Ankara Ticaret Odası (ATO) Pastacılar, Çikolata ve Tatlıcılar Komitesi Başkan Yardımcısı ve Denizatı Pastaneleri Yönetim Kurulu Üyesi Okan Sırtoğlu, Ankara ’da şubesi bulunan ulusal ve uluslarası zincir markalar ile rekabet edebilmek için Ankaralı firmaların franchise sistemine geçmesinin zorunluluk haline geldiğini belirtti. Sırtoğlu, şunları söyledi:
“Zincir markalar, Başkent’te işlerini layıkıyla yapan ancak büyümekten korkan köklü firmaların varlığını tehdit ediyor.
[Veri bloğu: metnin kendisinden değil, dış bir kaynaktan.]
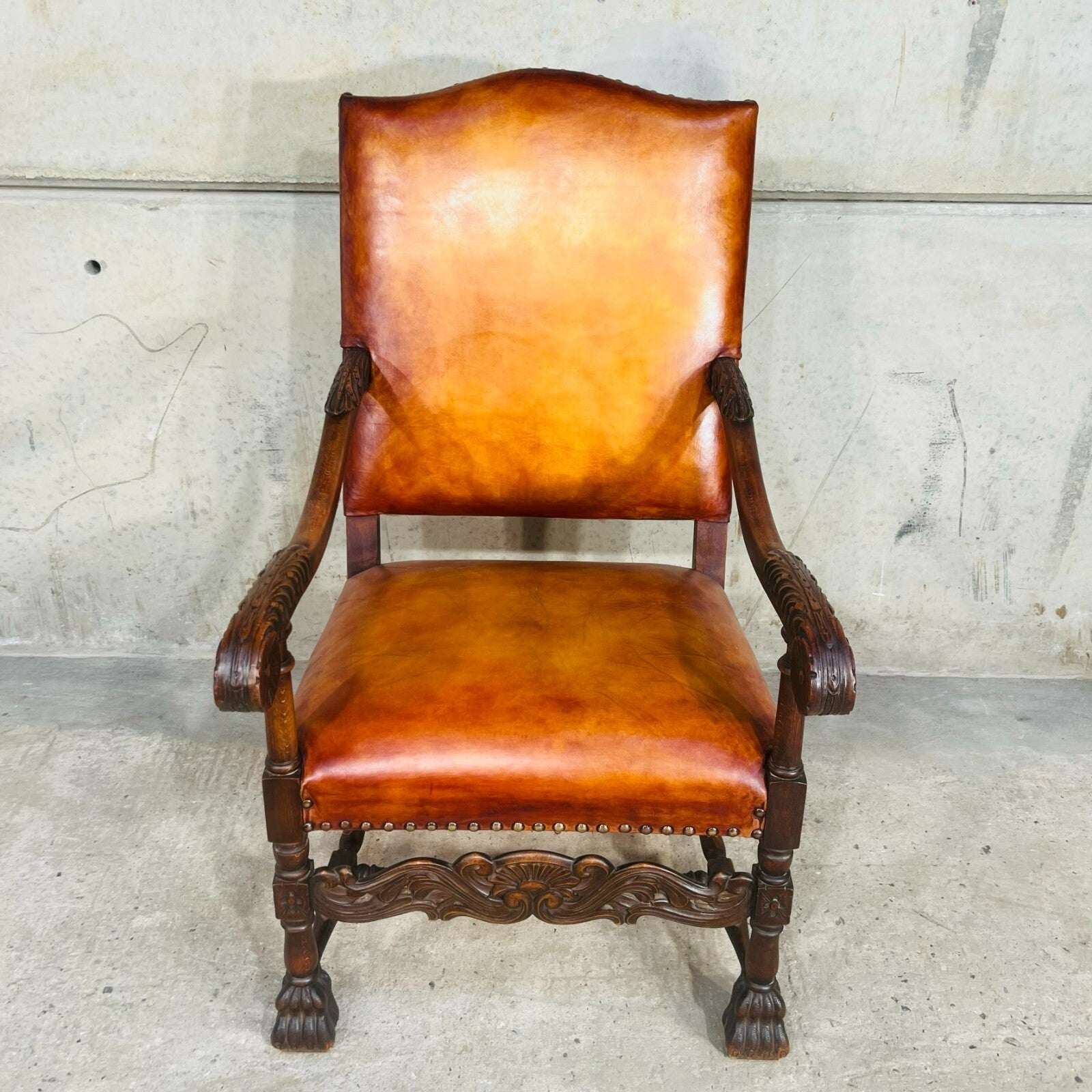 Cromwellian Revival Carved Oak and Leather Armchair Carver Chair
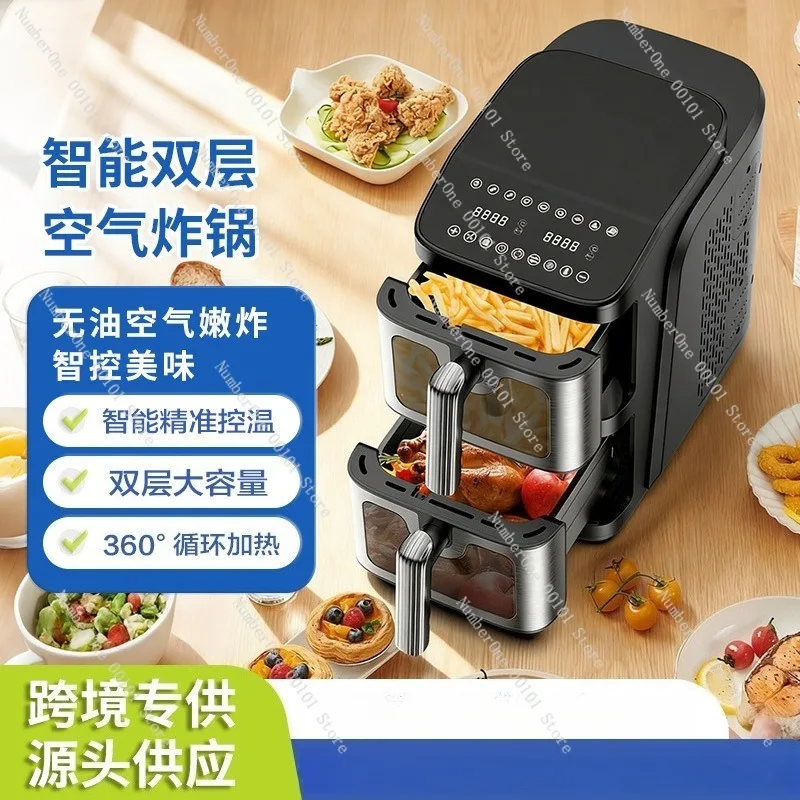 Air Fryer Double Layer Visible Cooking Electric Oven Touch Control Multifunction Fryer Household Kitchen Appliance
Yemek çekleri gıda sektörünü ele geçirmiş durumda. ATO olarak ciddi rakamların döndüğü yabancı sermayeye ait yemek çeki sistemini, en azından gıda sektöründen çıkarmak istiyoruz.
FISTIK YERİNE BEZELYE
Süpermarketler ve merdiven altı üreticiler de pastacılık sektörüne darbe vuruyor. Ekonomik sıkıntıdan dolayı tüketici, kaliteden önce fiyata bakıyor. Bu durumda kalite ikinci plana atılıyor. İnsanların alım gücüne göre hareket üreticiler, bazı imalat hileleri ile insan sağlığını tehdit ediyor. Örneğin baklavada fıstık yerine bezelye; şeker yerine şeker kamışı kullanıyor.
ÜLKEYE YAYILMAK GEREKİYOR
Maddi birikimi olanların ya da ‘kolay para kazanırım’ düşüncesiyle gıda sektörünü tercih eden ulusal ve uluslararası sermaye grupları ile rekabet etme mecburiyeti bizi franchise sistemi oluşturmaya zorluyor. Mahalleden doğan markalar, butik imalat konseptine aykırı olduğu gerekçesiyle senelerce bu sistemden uzak durdu. Ancak gelişen teknoloji , güvenlik ve denetimi kolaylaştırdı. Başkentli markaların mahalle arasından çıkıp, önce şehre sonra da ülkeye yayılması gerekiyor.” FİYATTAN ÖNCE KALİTEYE DİKKAT
Unlu mamül ve tatlı alışverişlerinde fiyattan önce kaliteye dikkat edilmesi gerektiğini de vurgulayan Sırtoğlu, “Kullanılan katkı malzemeleri reaksiyonu önlediği için 15 gün bozulmayan ürünler var. Hiç sağlıklı değil. İnsan sağlığını tehdit ediyor. Ucuz ürün alıp, sağlık sorunlarıyla karşılaşmamak adına tüketici kesinlikle üretiminden emin olduğu yerden alışveriş yapmalı” diye konuştu.